The purpose of this exercise is to become familiar with:

  1. Some time series analysis tools;
  2. Correlation matrices and principal component analysis (PCA) (see readings of sessions 3-4);
  3. More data manipulation and reporting tools (including Google Charts).

As always, while doing this exercise we will also see how to generate replicable and customizable reports. For this purpose the exercise uses the R Markdown capabilities (see Markdown Cheat Sheet or a basic introduction to R Markdown). These capabilities allow us to create dynamic reports. For example today’s date is 2016-01-19 (you need to see the .Rmd to understand that this is not a static typed-in date but it changes every time you compile the .Rmd - if the date changed of course).

Before starting, make sure you have pulled the exercise set 2 souce code files on your github repository (if you pull the course github repository you also get the exercise set files automatically). Moreover, make sure you are in the directory of this exercise.
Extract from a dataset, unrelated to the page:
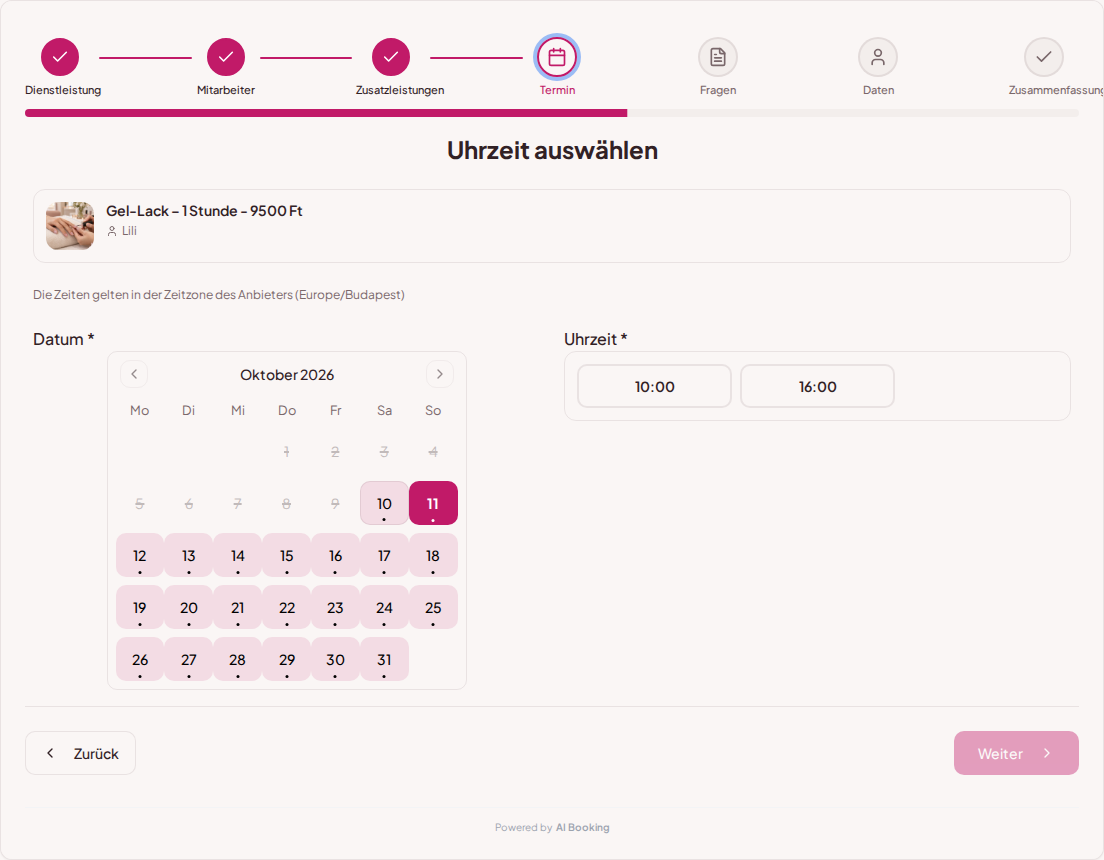Online-Terminbuchung für Nagelstudios – Kalender und freie Termine für die gewählte Nagelbehandlung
Directory paths may be complicated, and sometimes a frustrating source of problems, so it is recommended that you use these R commands to find out your current working directory and, if needed, set it where you have the main files for the specific exercise/project (there are other ways, but for now just be aware of this path issue). For example, assuming we are now in the “Data Analytics R version/INSEADAnalytics” directory, we can do these:


Note: as always, you can use the help command in Rstudio to find out about any R function (e.g. type help(list.files) to learn what the R function list.files does).

Let’s now see the exercise.

IMPORTANT: You should answer all questions by simply adding your code/answers in this document through editing the file ExerciseSet2.Rmd and then clicking on the “Knit HTML” button in RStudio. Once done, please post your .Rmd and html files in your github repository.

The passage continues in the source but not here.